Yah, Agama telah terlampau jauh menenun
sejarahnya. hingga napaktilas-nya terlampau buram dan sayup-sayup untuk kita
terka secara absolut apatah lagi untuk menciptakan rangkaian logos yang universal untuknya. Sejarah
agama adalah masa lalu akan yang kudus dan ilahi yang sekarang kita genggam secara
berbeda-beda. Sebab, mata lahir dan batin serta nalar dan qalbu kita tak begitu
suci untuk menerawang agama an sich
yang jauh disana. Hingga kita hanya menebak-nebak, mempelajarinya dengan
terbatas dan mengikuti lingkaran tradisi. Yah, Tradisi: ikhwal inilah yang
tersebar begitu banyak dan beragamnya, kita peluk selama ini secara
berbeda-beda dan kita namai apa yang disebut sebagai agama. Maka tak cukup
salah kiranya bila kita menerima perbedaan iman. Sebab, dari penjelasan yang
bertele-tele ini, perbedaan iman murni berangkat dari keterbatasan kita,
ketidak sanggupan kita dalam menerawang yang terang benderang.

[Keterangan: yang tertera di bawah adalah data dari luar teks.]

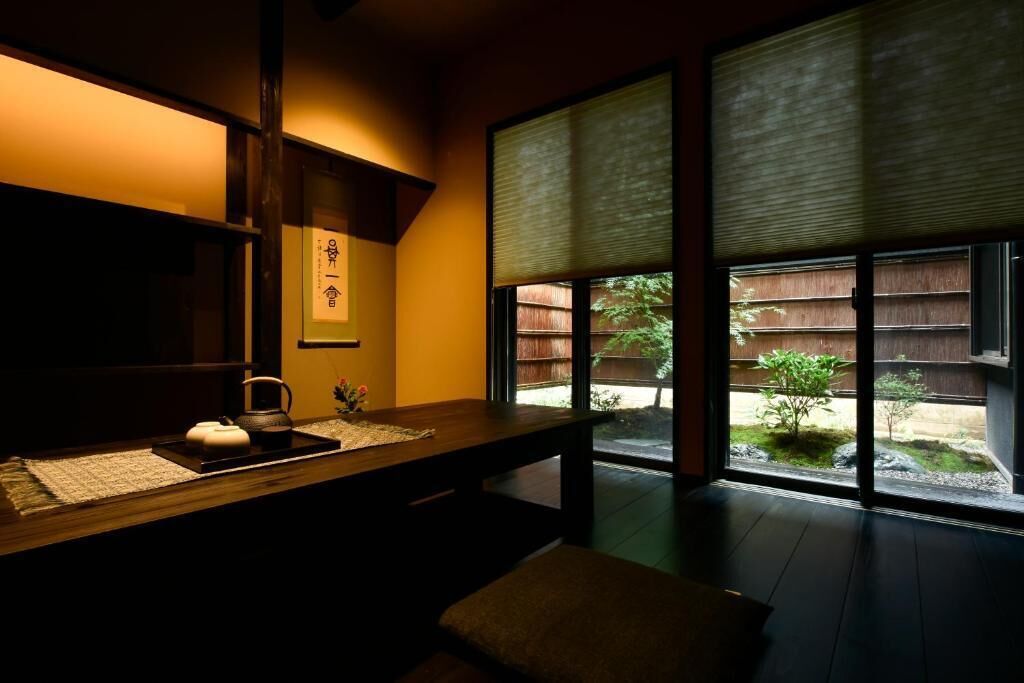 A traditional Japanese room with tatami flooring, a low wooden table, and sliding shoji doors.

Sudah saatnya masalah perbedaan dikubur
jauh kedasar yang paling terdalam. Karena meyoal perbedaan, banyak korban yang
berjatuhan, banyak pula pihak yang dirugikan. Tak ada yang lebih indah bila
saling menghormati satu sama lain dari pada terus bergelut mengurusi iman
seseorang yang begitu jamak ragam dan rupanya. Karena begitu jamaknya tak
dapatlah kita dengan merasa benar mentasdik keyakinan ini benar dan keyakinan
itu salah. Sebab setiap orang memilih atas dasar nalar dan hati mereka
masing-masing, menerawang sejarah dan tradisi yang berbeda-beda sesuai modus
dan analisis masing-masing. Pun dari sini, Masing-masing memiliki argumentasi
dan pilihan hati yang dianggapnya benar. Bukankah sudah cukup rasanya bila
Tuhan telah bersabda bahwa: “laa
ikraaha fid-diin” (Tiada pakasaan dalam agama)?
---Muhajir---
(Kru
Sekolah alam Sanggar kelapa yang alergi dengan pertanyaan “kapanki’ selesai” macca?)